[[ Supplied data, beginning ]]
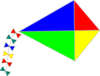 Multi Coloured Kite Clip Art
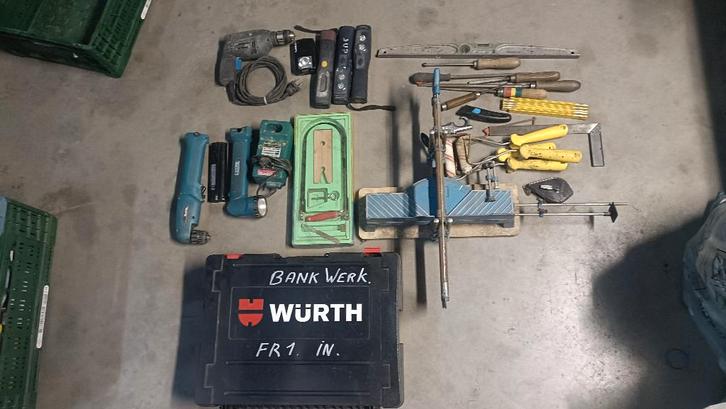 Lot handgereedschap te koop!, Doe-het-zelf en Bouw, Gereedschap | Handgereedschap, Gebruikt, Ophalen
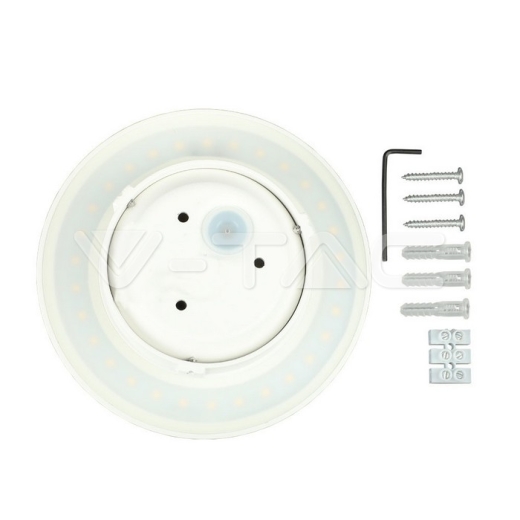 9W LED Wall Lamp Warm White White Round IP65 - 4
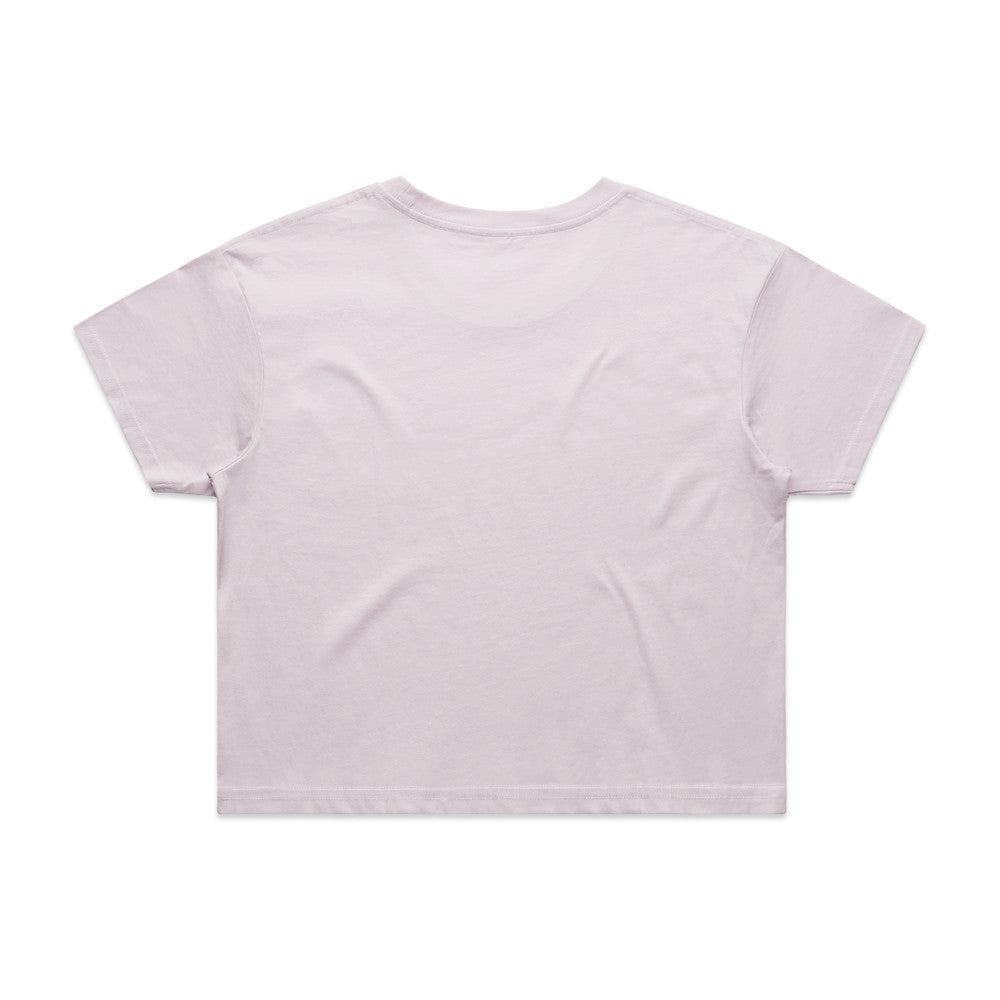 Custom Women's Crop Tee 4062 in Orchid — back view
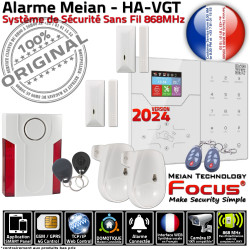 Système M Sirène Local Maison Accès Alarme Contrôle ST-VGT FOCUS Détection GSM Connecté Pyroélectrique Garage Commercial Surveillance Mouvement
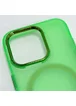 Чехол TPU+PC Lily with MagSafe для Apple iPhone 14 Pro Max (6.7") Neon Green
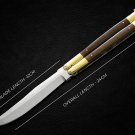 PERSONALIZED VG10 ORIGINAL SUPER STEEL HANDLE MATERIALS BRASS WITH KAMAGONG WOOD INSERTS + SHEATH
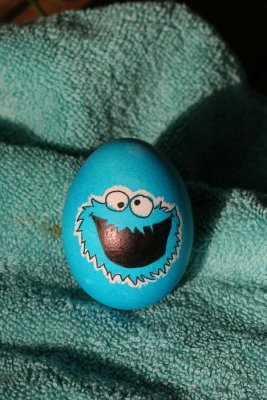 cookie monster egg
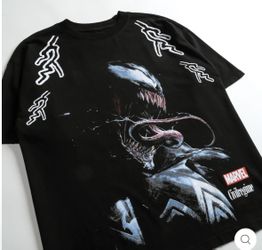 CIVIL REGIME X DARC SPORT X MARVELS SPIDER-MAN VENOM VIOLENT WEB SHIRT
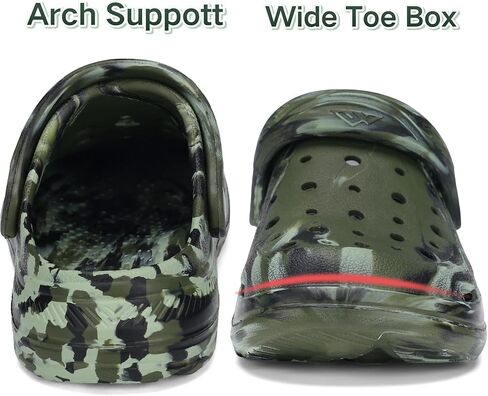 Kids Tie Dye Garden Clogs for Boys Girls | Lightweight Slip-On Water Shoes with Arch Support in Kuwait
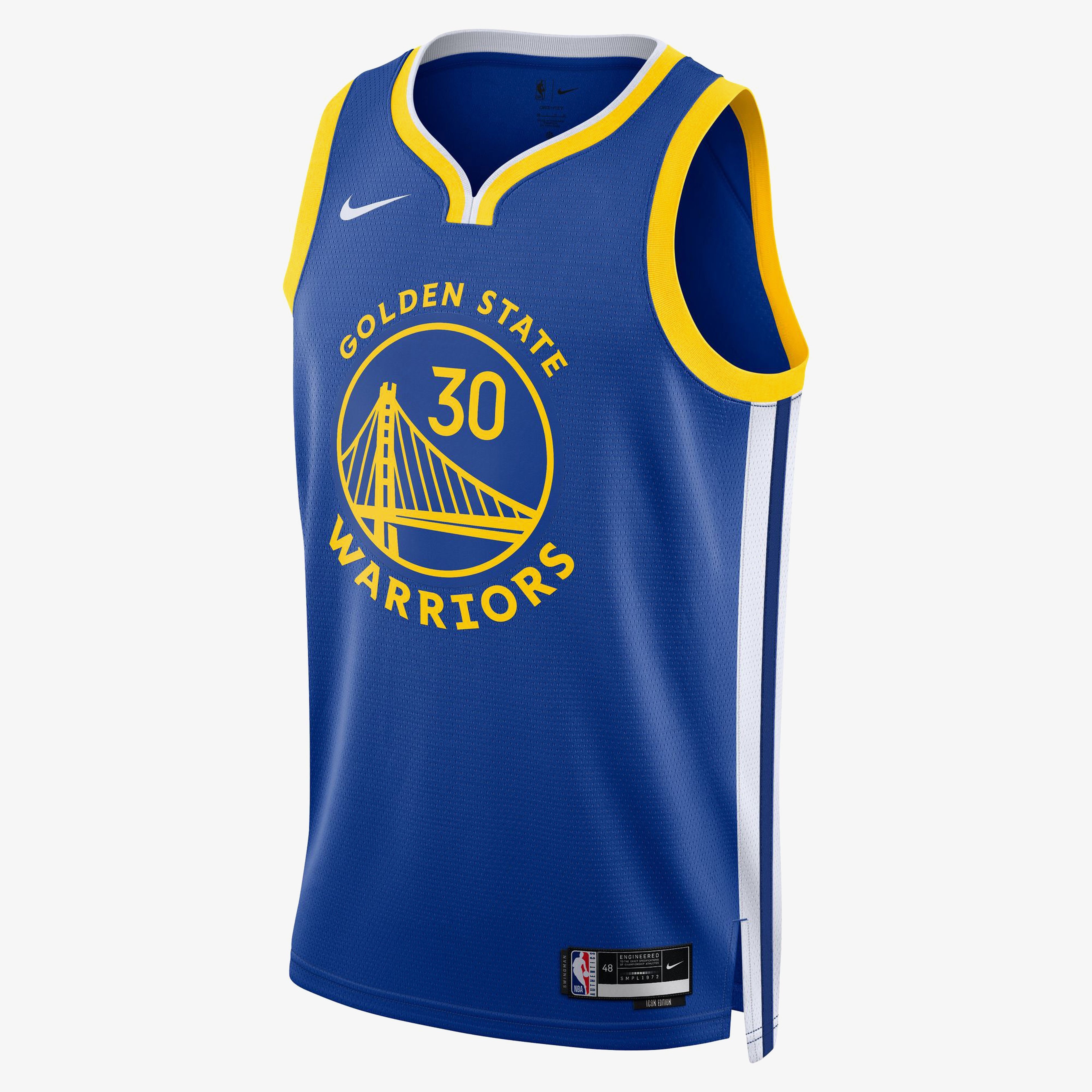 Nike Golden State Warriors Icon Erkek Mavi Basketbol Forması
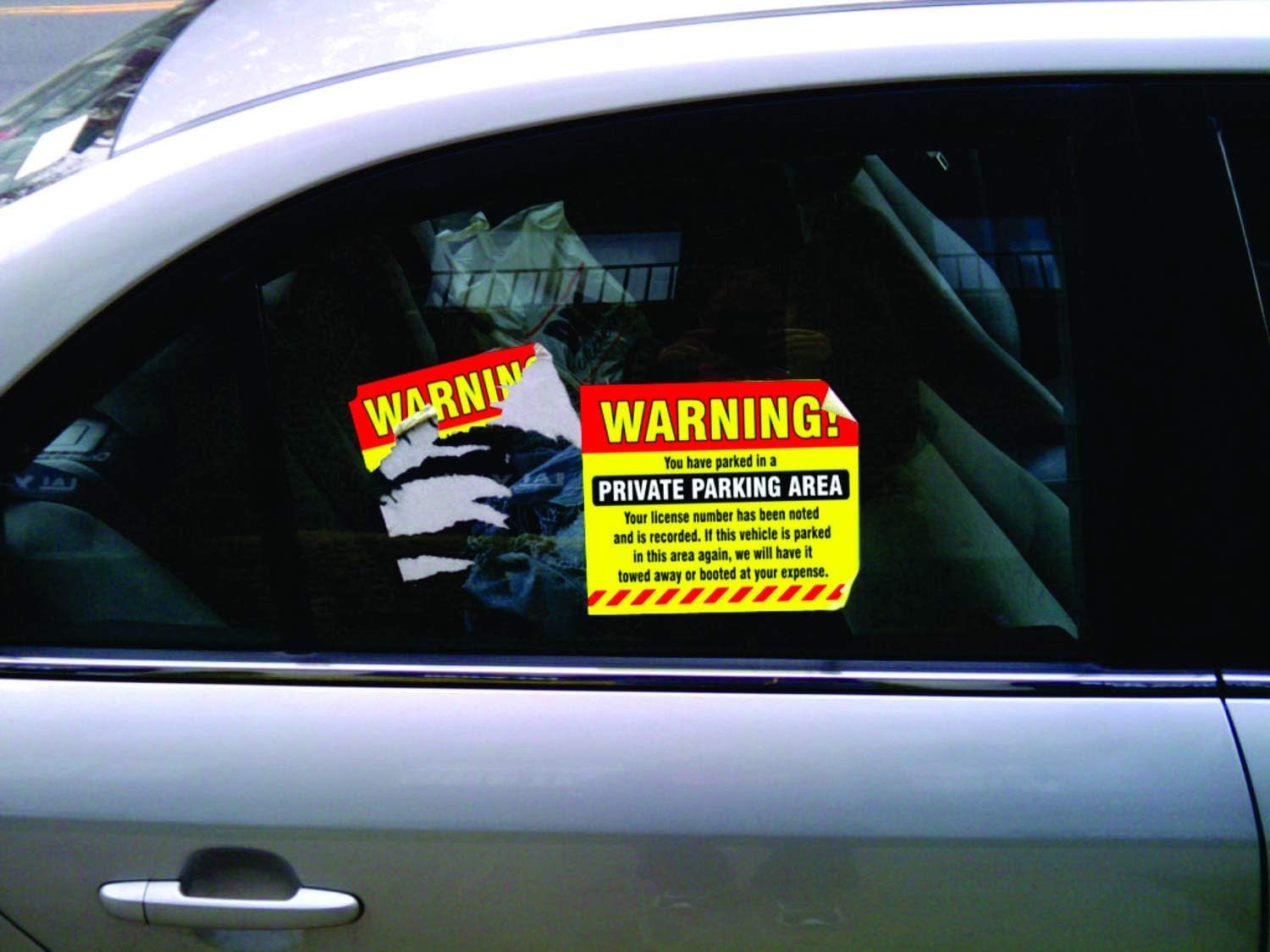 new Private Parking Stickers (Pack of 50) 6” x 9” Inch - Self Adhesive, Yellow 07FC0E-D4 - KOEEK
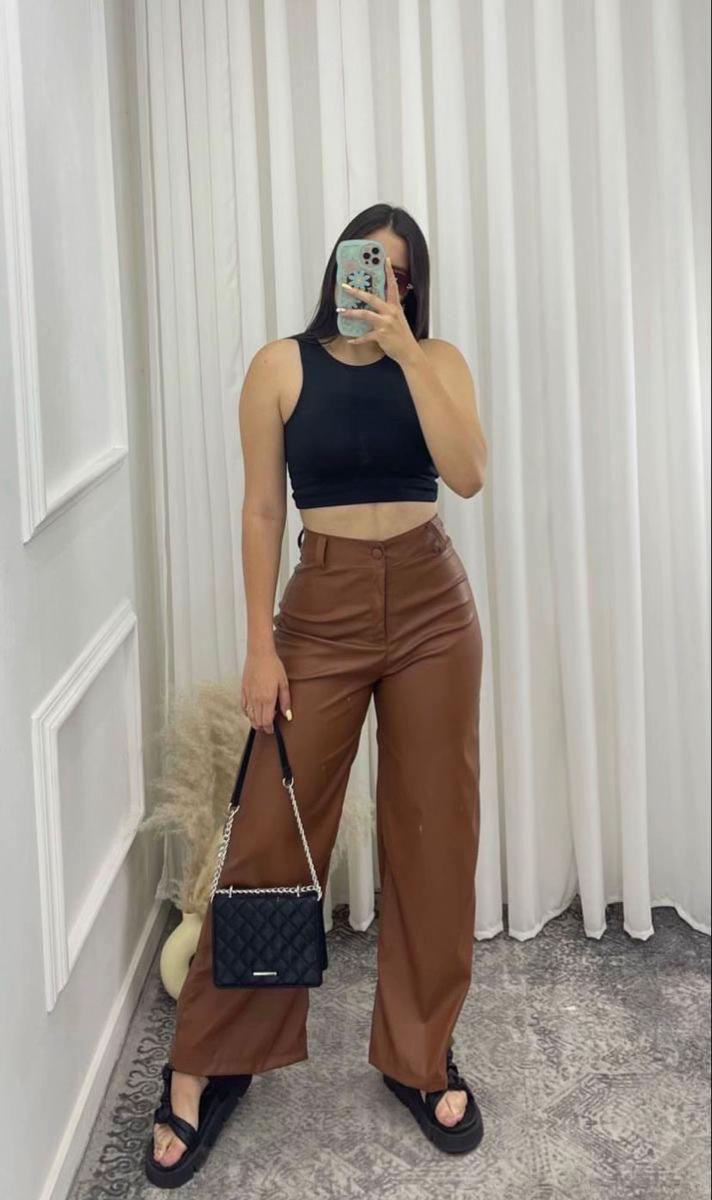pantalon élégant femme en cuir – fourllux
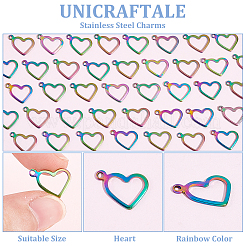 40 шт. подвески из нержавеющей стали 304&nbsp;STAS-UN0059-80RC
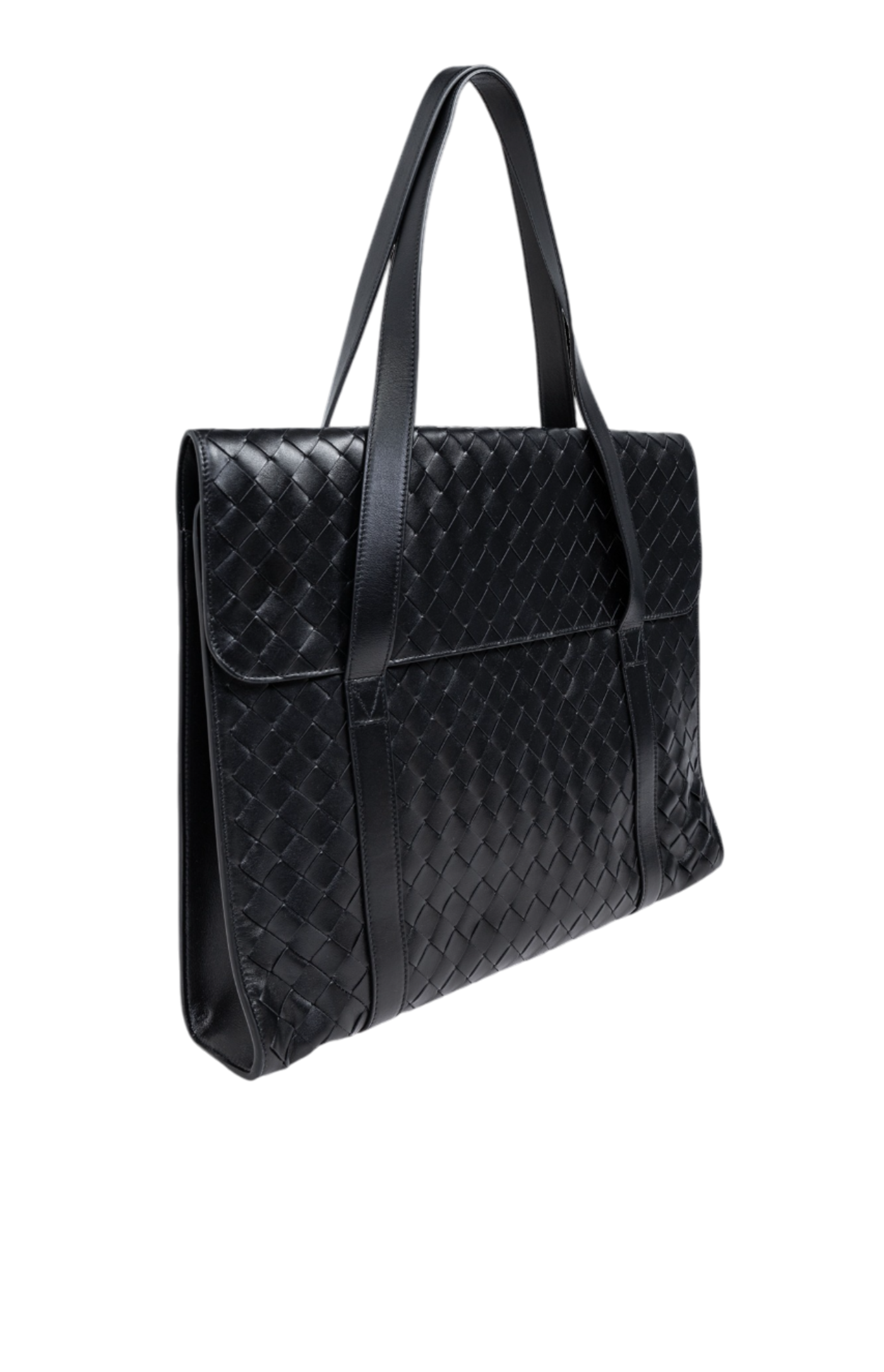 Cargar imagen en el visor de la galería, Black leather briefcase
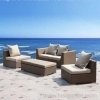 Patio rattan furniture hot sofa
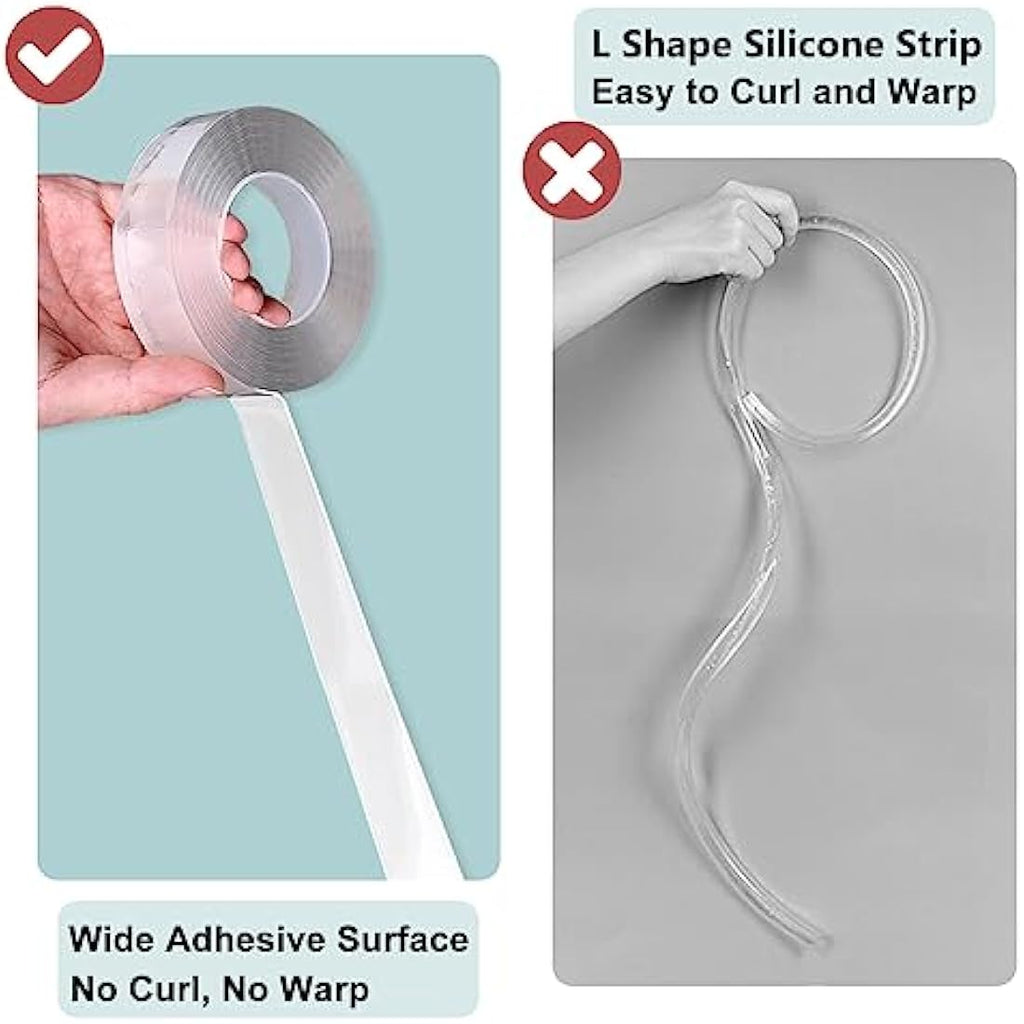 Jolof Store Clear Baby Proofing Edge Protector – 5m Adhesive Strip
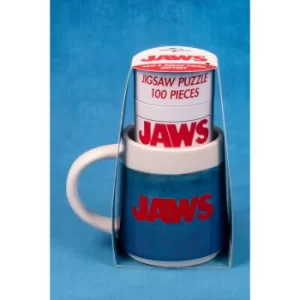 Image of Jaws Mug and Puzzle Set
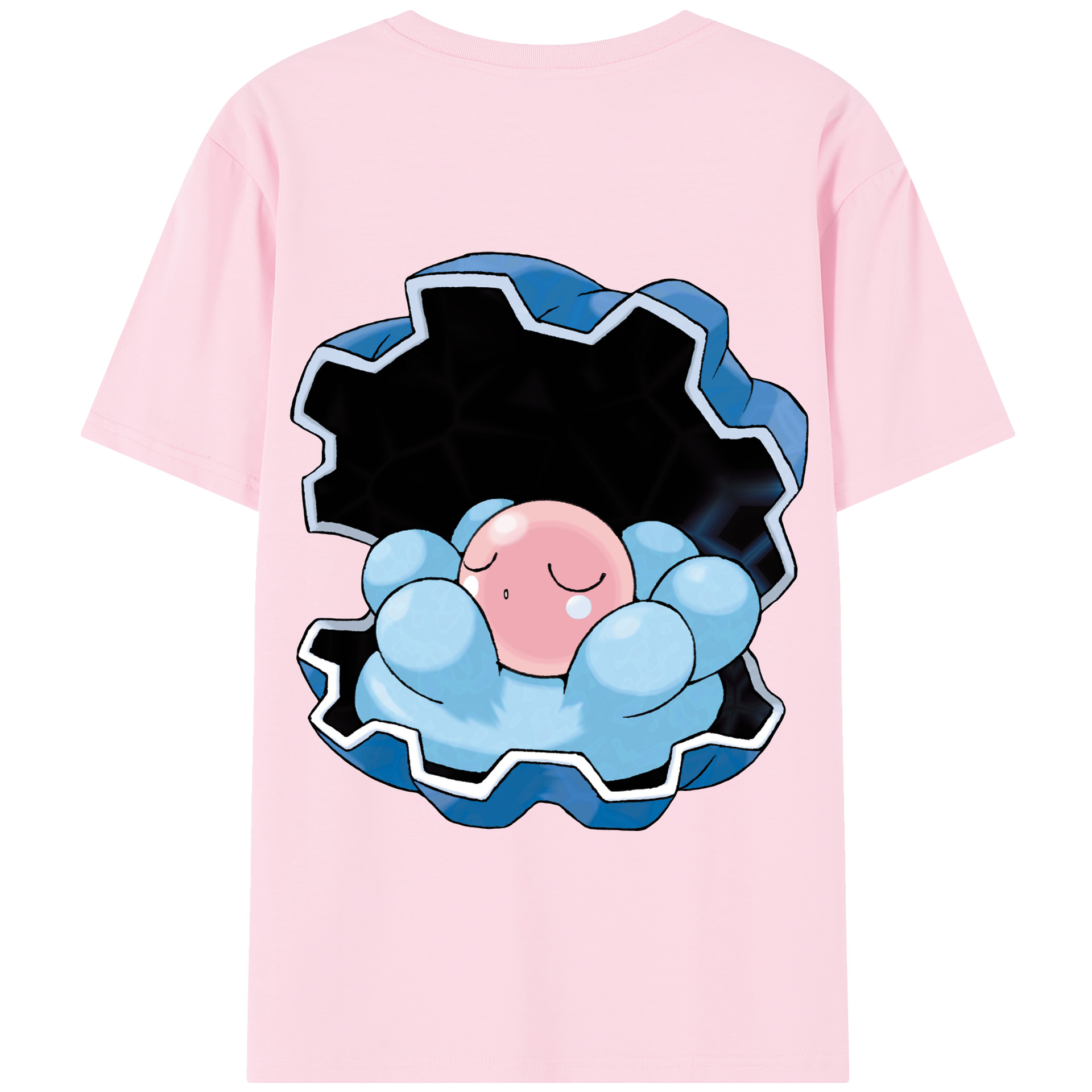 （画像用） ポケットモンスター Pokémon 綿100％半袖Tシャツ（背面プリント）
[[ Supplied data, end ]]
Problem to work on:
The needed output is the lines from the one with "PERSONALIZED VG10 ORIGINAL" through the end of the listing, written out exactly, both ends included, pictures excluded.

Result:
 PERSONALIZED VG10 ORIGINAL SUPER STEEL HANDLE MATERIALS BRASS WITH KAMAGONG WOOD INSERTS + SHEATH
 cookie monster egg
 CIVIL REGIME X DARC SPORT X MARVELS SPIDER-MAN VENOM VIOLENT WEB SHIRT
 Kids Tie Dye Garden Clogs for Boys Girls | Lightweight Slip-On Water Shoes with Arch Support in Kuwait
 Nike Golden State Warriors Icon Erkek Mavi Basketbol Forması
 new Private Parking Stickers (Pack of 50) 6” x 9” Inch - Self Adhesive, Yellow 07FC0E-D4 - KOEEK
pantalon élégant femme en cuir – fourllux
 40 шт. подвески из нержавеющей стали 304&nbsp;STAS-UN0059-80RC
 Cargar imagen en el visor de la galería, Black leather briefcase
 Patio rattan furniture hot sofa
 Jolof Store Clear Baby Proofing Edge Protector – 5m Adhesive Strip
 Image of Jaws Mug and Puzzle Set
 （画像用） ポケットモンスター Pokémon 綿100％半袖Tシャツ（背面プリント）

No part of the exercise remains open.